Investigation of cutaneous photoadaptation to narrowband ultraviolet B.Br J Dermatol. 2014 Feb; 170(2):392-7.BJ
Photoadaptation describes the skin's ability to withstand an increased dose of ultraviolet (UV) radiation with repeated exposure, and this is the reason for exposure doses being increased during a course of phototherapy. However, directly measured data on photoadaptation are available only for broadband (BB) and not narrowband (NB)-UVB.
To measure photoadaptation to narrowband UVB.

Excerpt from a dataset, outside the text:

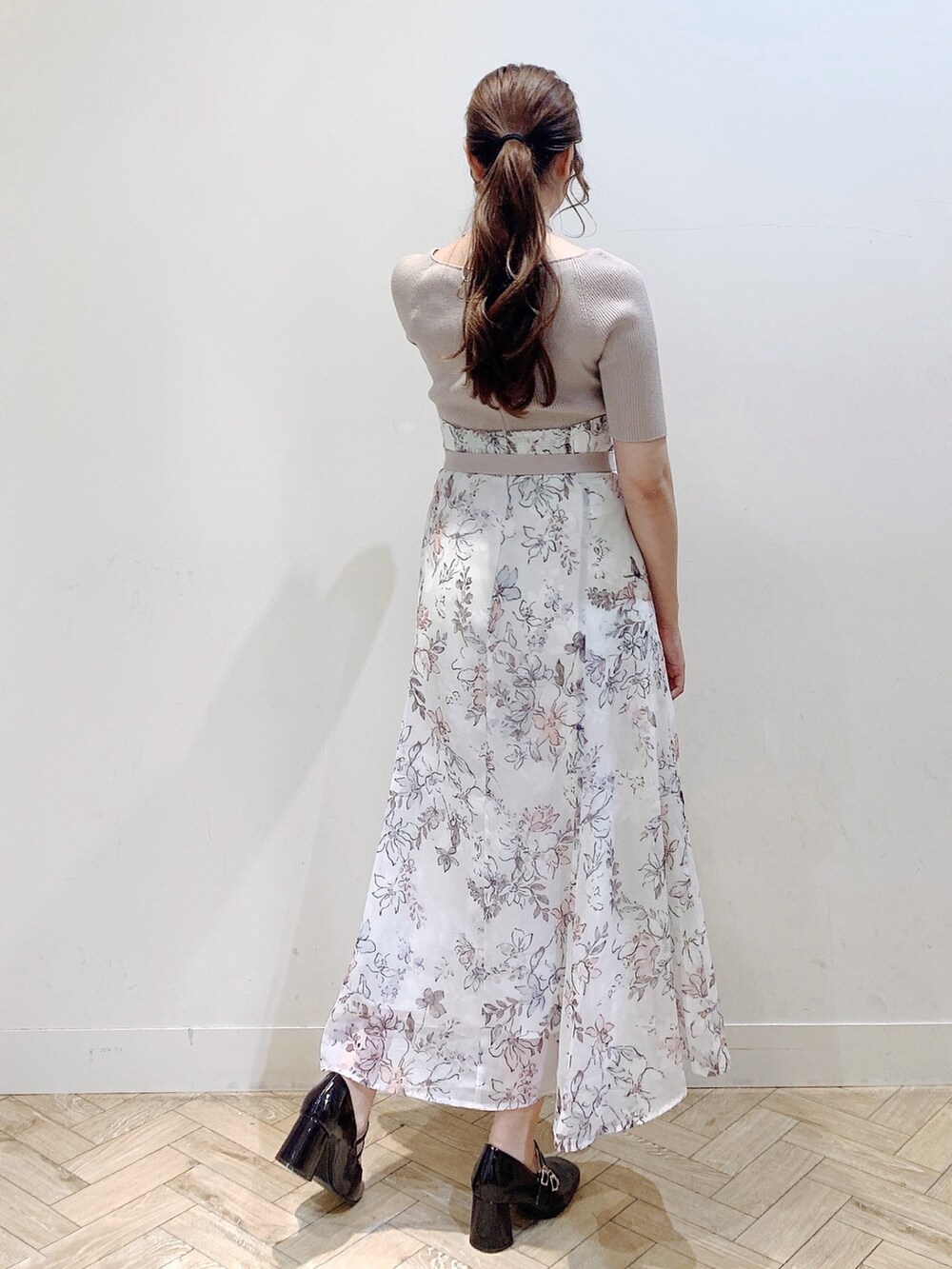 ベージュ系のワンピース、ブラウン系のパンプスを着用したレディースの夏コーディネートの7枚目の写真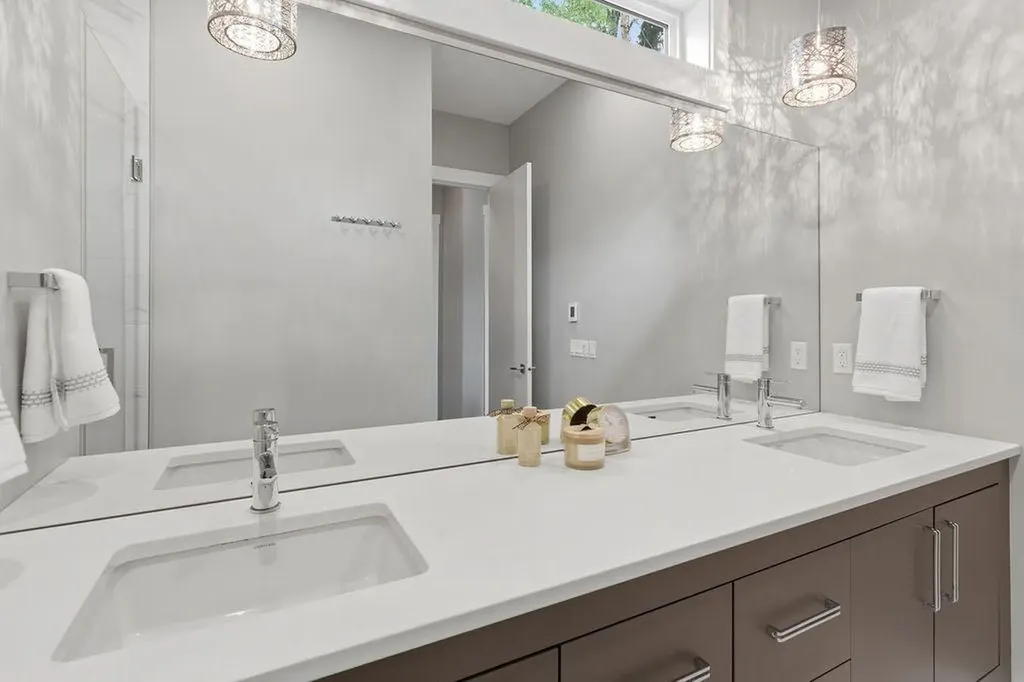 223 Oakland Place SW Calgary AB T2V 4G4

We measured the degree of photoadaptation in patients with psoriasis during a standard course of NB-UVB phototherapy. The minimal erythemal dose (MED) was measured before and towards the end of a course of phototherapy. An adaptation factor (AF) was calculated for each patient using the ratio of final MED to initial MED. Sigmoid dose-response curves were also constructed.
MED results were available for 50 patients (mean age 44 years, 28 female). The mean AF was 2·7 (95% confidence interval 2·4-3·0). There was no significant correlation between AF and skin type or initial MED. Dose-response curves were right shifted and parallel after phototherapy, and there was no significant difference in the maximum slope (P = 0·73).
The photoadaptation caused by NB-UVB is considerably less than that reported for BB-UVB. The variation in photoadaptation between patients was not explained by skin type or baseline MED. Physical factors (such as tanning and epidermal thickening) are probably sufficient to account for photoadaptation, rather than downregulation of the inflammatory response. These data should help in the design of phototherapy protocols for NB-UVB to achieve optimal clearance of psoriasis.